In the following section, I detail the key technical work I did, writing testbenches for all the versions of our RISC-V processor, running various programs and looking at waveforms/the behaviour displayed by the Vbuddy where possible.

I took the decision to write overall testbenches at first, having already written an admittedly basic Control Unit testbench, followed by, time allowing, module-wise testbenches.

As I progressed to develop testbenches and alter the [pdf.s](#) of the reference program, I decided to be more thorough with my testing, using the FSM on the pipelined and cached CPUs respectively.

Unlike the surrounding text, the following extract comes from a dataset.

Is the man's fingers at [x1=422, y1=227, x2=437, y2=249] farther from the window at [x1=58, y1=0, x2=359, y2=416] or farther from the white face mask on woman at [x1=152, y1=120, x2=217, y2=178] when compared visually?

When developing testbenches, I found that the edited Python Script I was using to validate our processor through a GitHub Action did not allow me to view console outputs and debug the testbenches I was writing for the reference programs. See [here](#).

### CU

The final point of the [Testbenches](#) section applied mainly to the testbench I developed for the control unit, which used assertions, a feature found in many programming languages that we learnt about in Discrete Maths. I chose to **functionalise** the assertion testing, where each test case would input the \*DUT (Device Under Test), instruction word in hexadecimal, the state of the zero flag (to test behaviour of branch

instructions) as well as a vector containing the expected results. See the relevant commit [here](#) and the relevant function below.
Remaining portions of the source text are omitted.